Is the extension $\mathbb{Q}(\sqrt{5},\sqrt{7})$ simple? If so/not, why?

Exercise sounds: Is the extension $$\mathbb{Q}(\sqrt{5},\sqrt{7})$$ simple? If so/not, why?I have the solution (on picture). Is it correct? Why do we prove in this way, why we must show that square, multiplication belong $$K$$? I saw the definition of the simple extension, but I don't understand why we prove in this way, why it isn't simple.

• The material you quote (image) in fact is a proof that $\mathbb Q(\sqrt 5, \sqrt 7)$ is a simple field extension of the rational numbers.
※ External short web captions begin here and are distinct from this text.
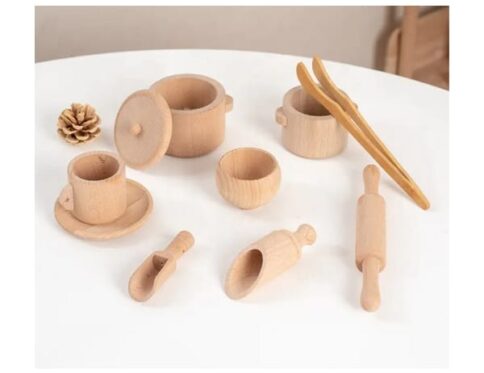 Wooden Sensory Play Accessories – Pretend Play Tea Set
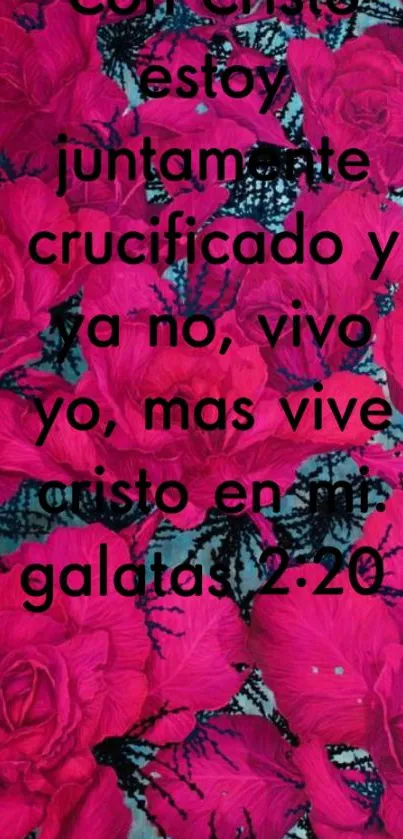 Vibrant pink floral wallpaper with Galatians 2:20 scripture.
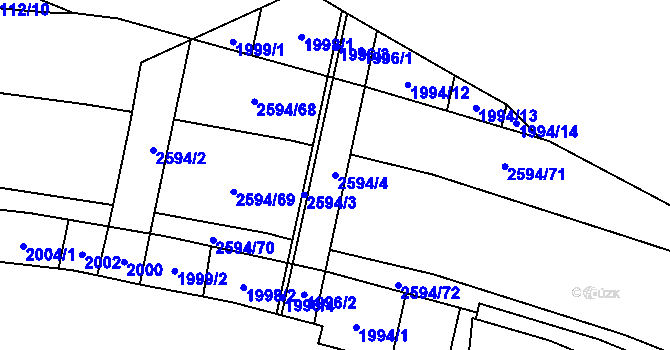 Parcela st. 2594/4 v KÚ Maloměřice, Katastrální mapa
Is that perhaps the the source of your confusion? – hardmath Mar 17 at 23:31
• Oh, I also thought that it is simple, but answers say no, so it make misled me, thanks. @hardmath – Bambeil Mar 17 at 23:35
• It might be a typo, or the problem posed in your textbook may have been phrased in a different way than you did above. It's always a good idea to include the source of problems you want help with. – hardmath Mar 17 at 23:37
• In fact, in characteristic 0 any finite field extension is simple. – Oleg Eroshkin Mar 18 at 0:17

It's simple because it is generated by adjoining a single element. This is shown by the equality $$\def\Q{{\Bbb Q}} \Q(\sqrt5,\sqrt7)=\Q(\sqrt5+\sqrt7)\ .$$
Now by definition $$\Q(\sqrt5,\sqrt7)$$ is a field containing $$\Q$$ and $$\sqrt5$$ and $$\sqrt7$$. It therefore contains $$\sqrt5+\sqrt7$$. By definition, $$\Q(\sqrt5+\sqrt7)$$ is the smallest field containing $$\Q$$ and $$\sqrt5+\sqrt7$$, so RHS is a subset of LHS. Your solution didn't give this working, perhaps because it is regarded as being too easy to bother.
Conversely, $$\Q(\sqrt5+\sqrt7)$$ contains $$\Q$$ and $$\sqrt5+\sqrt7$$. From your solution it therefore contains $$\sqrt5$$ and $$\sqrt7$$. Since LHS is the smallest field containing $$\Q$$ and $$\sqrt5$$ and $$\sqrt7$$ we have LHS a subset of RHS.
There is no specific reason to show that the square is in $$K$$, but it's a convenient way to do it.